WHAT YOU SHOULD DO:
Nothing outside the range is to be copied. From the entries below, reproduce exactly the lines starting at the one with "Cercedilla Villa | Casa Pucara" and ending at the one with "Detail Gallery Image", without pictures.

SUPPLIED DATA:

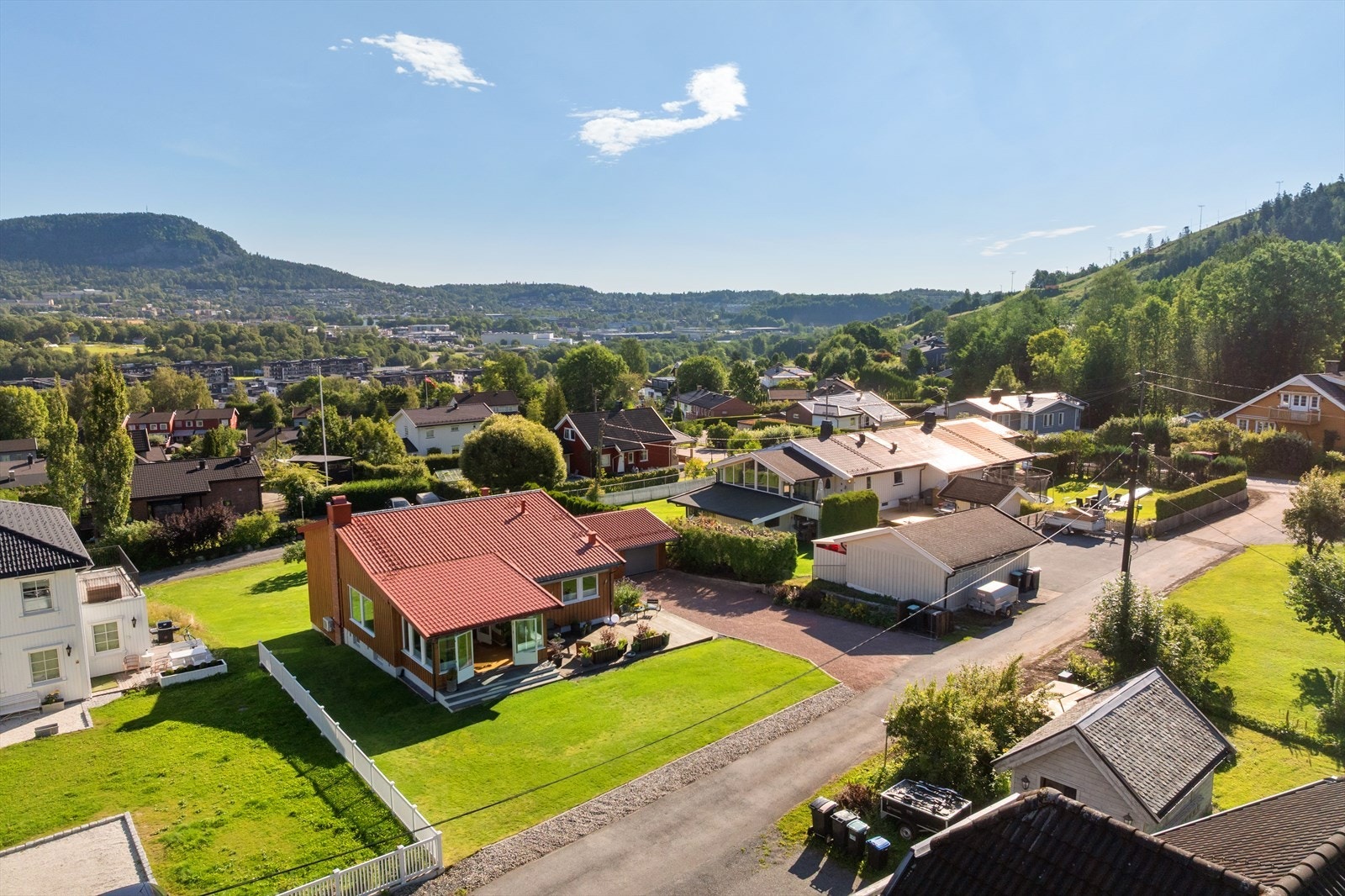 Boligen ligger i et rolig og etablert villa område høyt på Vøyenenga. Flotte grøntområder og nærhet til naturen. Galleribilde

--

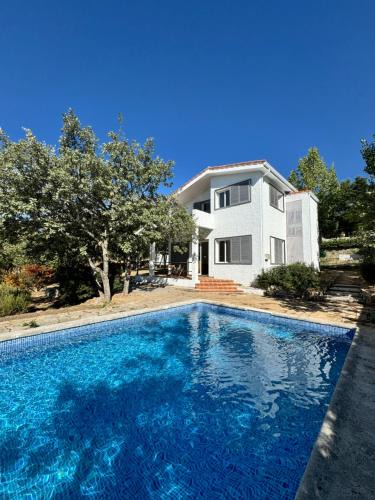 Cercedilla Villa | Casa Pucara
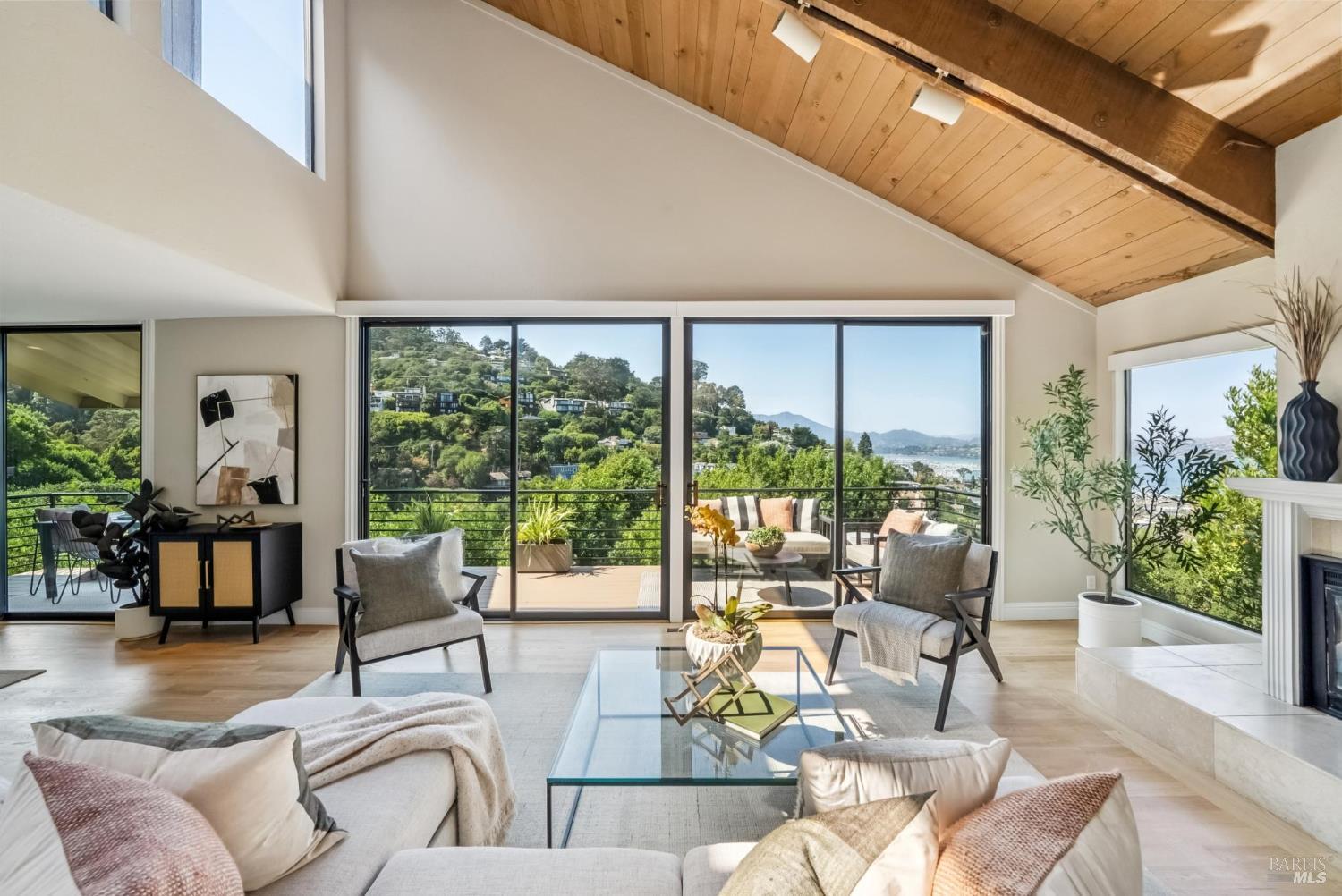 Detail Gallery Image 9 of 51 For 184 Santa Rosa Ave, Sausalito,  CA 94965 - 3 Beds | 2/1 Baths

SOLUTION TO THE PROBLEM:
 Cercedilla Villa | Casa Pucara
 Detail Gallery Image 9 of 51 For 184 Santa Rosa Ave, Sausalito,  CA 94965 - 3 Beds | 2/1 Baths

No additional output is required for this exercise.